- [PROBLEM DESCRIPTION]
Give back the data below word for word. Any image in it should be left out.

________________

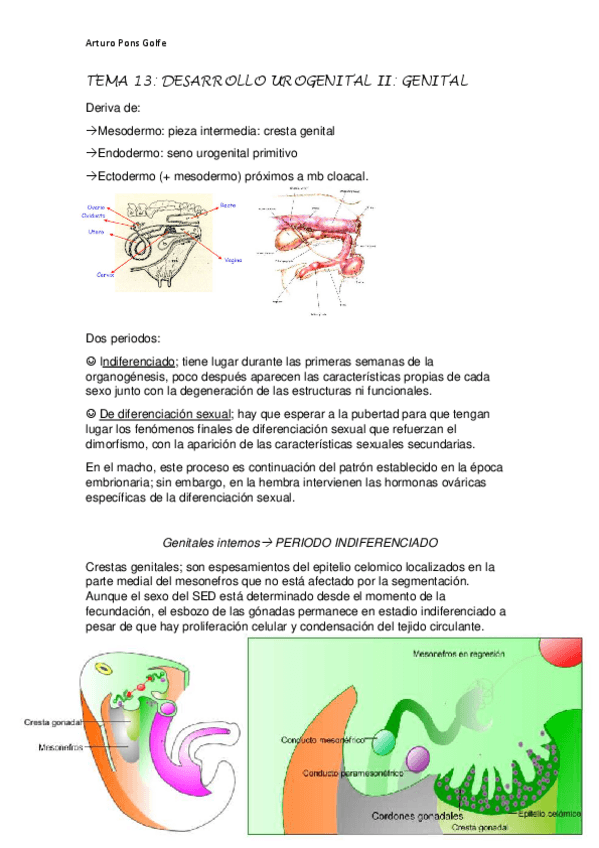 Miniatura del documento TEMA-13-y-14.pdf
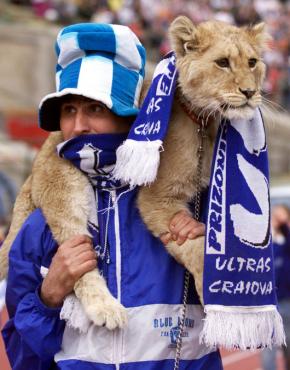 Craiova's Blue Lions
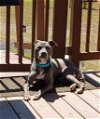 adoptable Dog in roswell, ga, GA named Daisy Lou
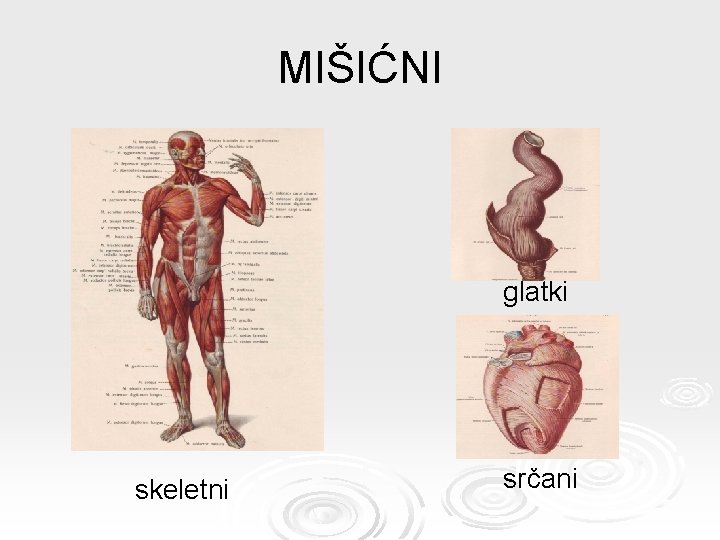 MIŠIĆNI glatki skeletni srčani 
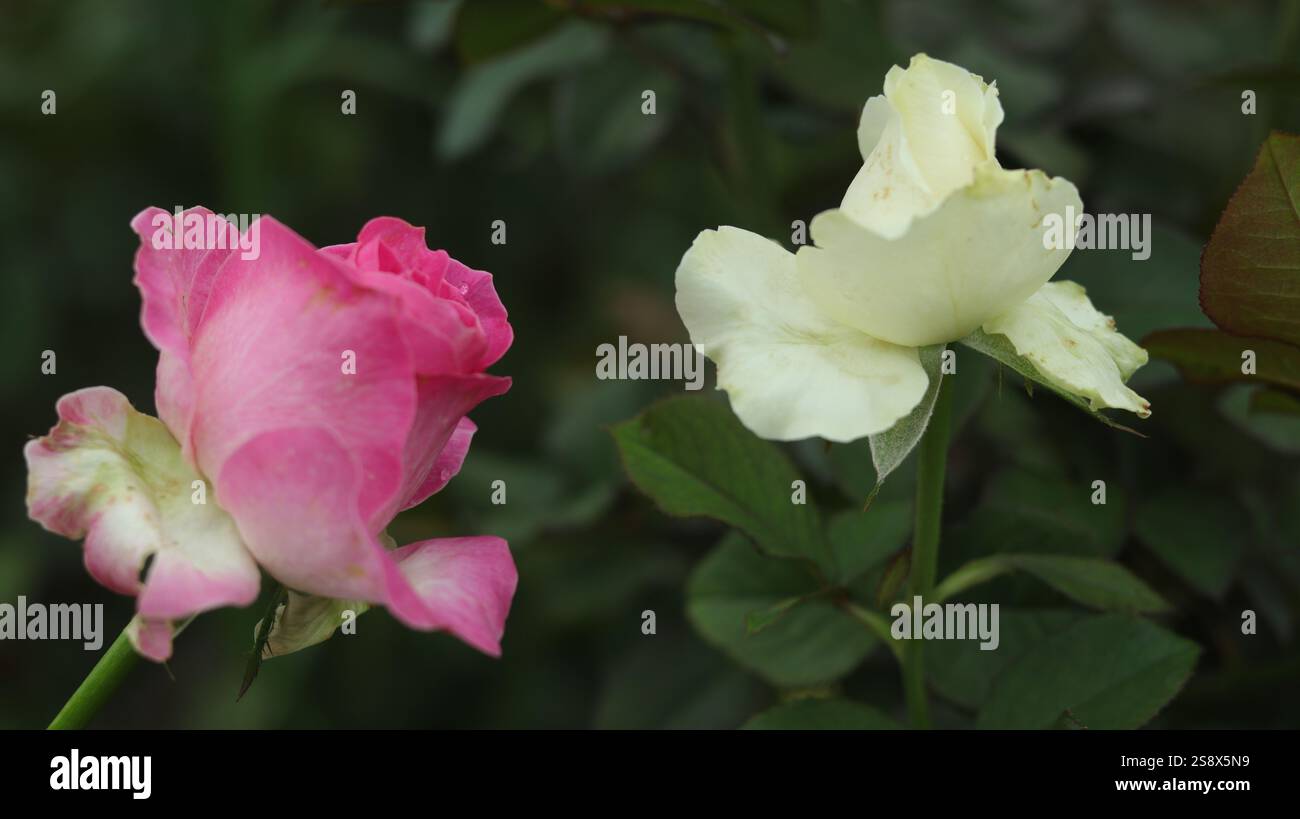 Un beau contraste de nature – deux roses, l’une rose douce et l’autre blanc pur, fleurissant gracieusement côte à côte, symbolisant l’harmonie. Banque D'Images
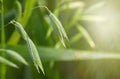 Young green oats on the field in the morning dew. Royalty Free Stock Photo
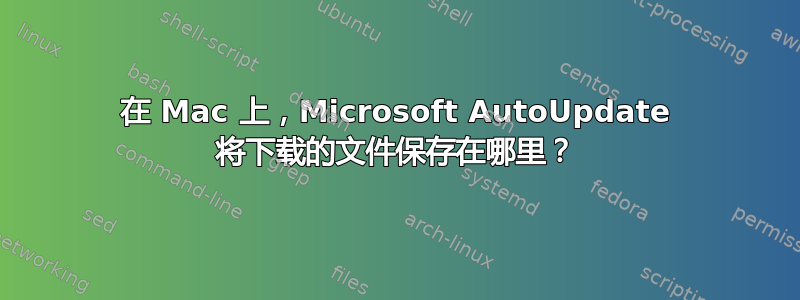 在 Mac 上，Microsoft AutoUpdate 将下载的文件保存在哪里？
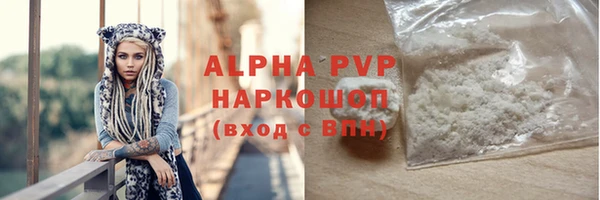 стаф Чекалин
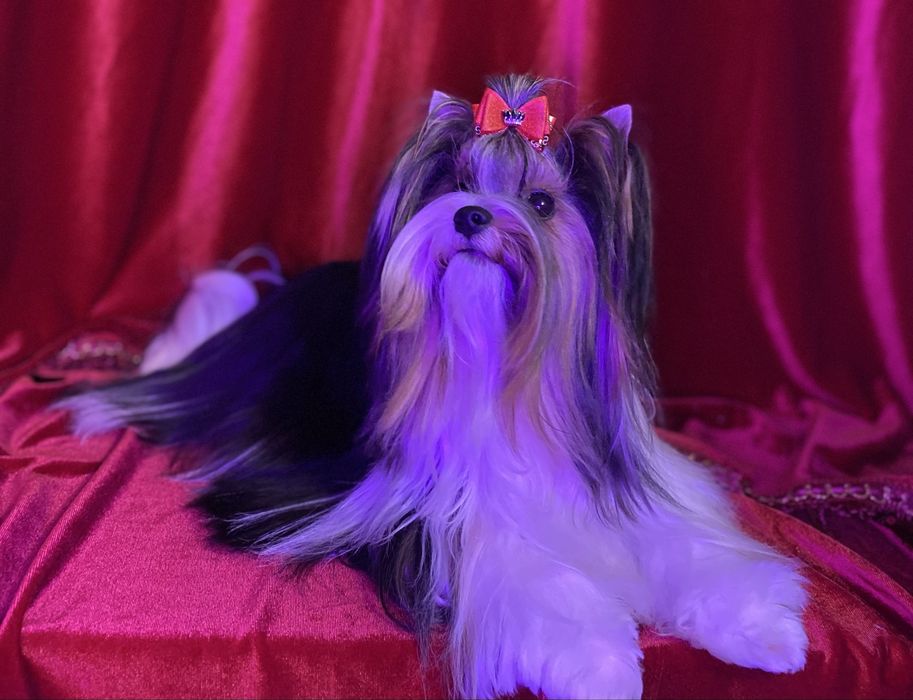 Вязка бивер йорка доки Ксу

________________

- [SOLUTION FOR THIS TASK]
 Miniatura del documento TEMA-13-y-14.pdf
 Craiova's Blue Lions
 adoptable Dog in roswell, ga, GA named Daisy Lou
 MIŠIĆNI glatki skeletni srčani 
 Un beau contraste de nature – deux roses, l’une rose douce et l’autre blanc pur, fleurissant gracieusement côte à côte, symbolisant l’harmonie. Banque D'Images
 Young green oats on the field in the morning dew. Royalty Free Stock Photo
 在 Mac 上，Microsoft AutoUpdate 将下载的文件保存在哪里？
 стаф Чекалин
 Вязка бивер йорка доки Ксу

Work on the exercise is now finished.